— Activity —
Copy the listing verbatim, excluding any images found in it.

Dataset section START

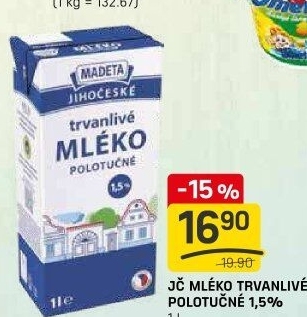Mléko trvanlivé Jihočeské Madeta - 1,5% polotučné
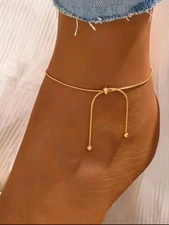 Gold Anklet 14k Women Non Tarnish Waterproof Stainless Steel Beach Jewelry 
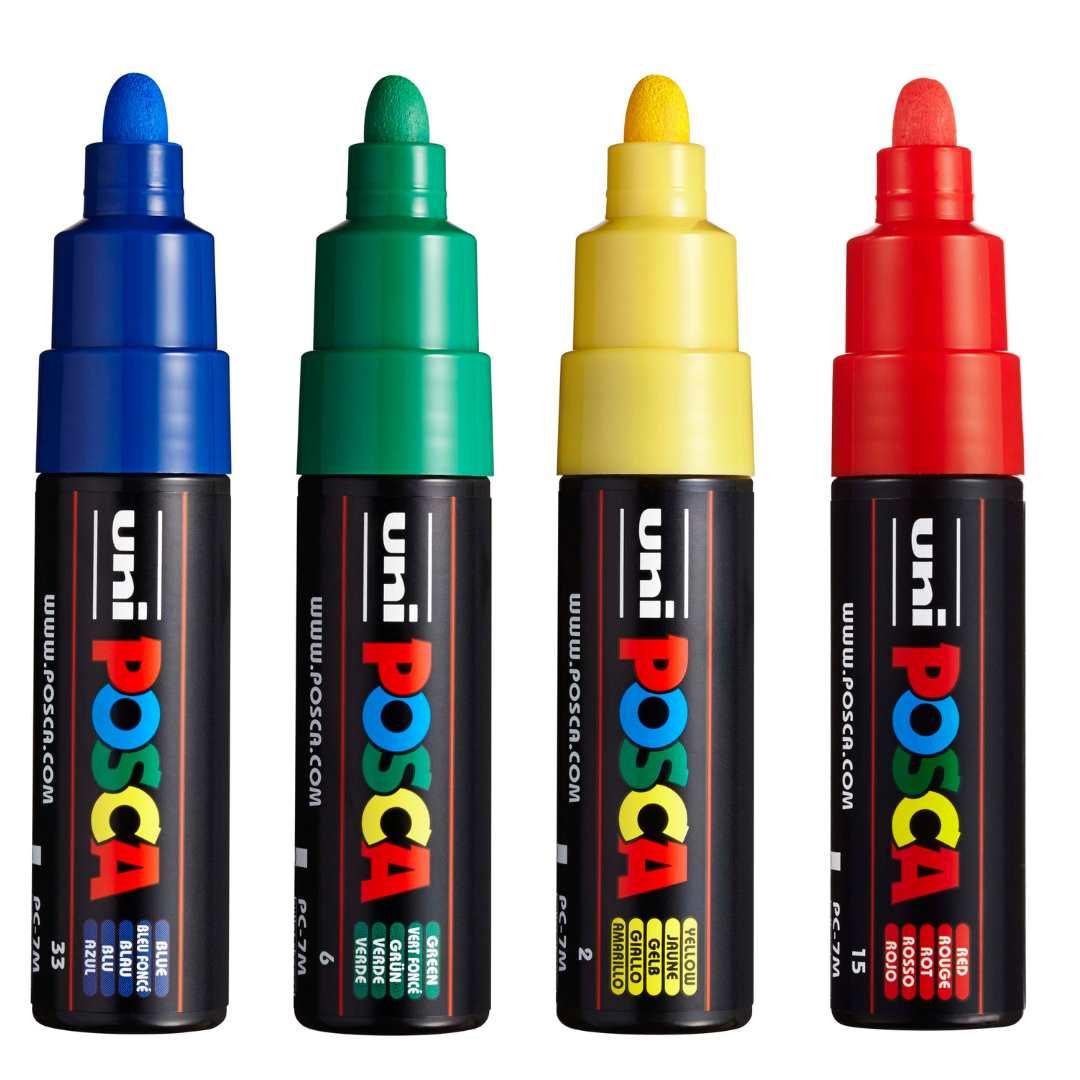 POSCA PC7M Paint Marking Pen - ASSORTED COLOURS - Set of 4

Dataset section END

— Task answer —
Mléko trvanlivé Jihočeské Madeta - 1,5% polotučné
 Gold Anklet 14k Women Non Tarnish Waterproof Stainless Steel Beach Jewelry 
 POSCA PC7M Paint Marking Pen - ASSORTED COLOURS - Set of 4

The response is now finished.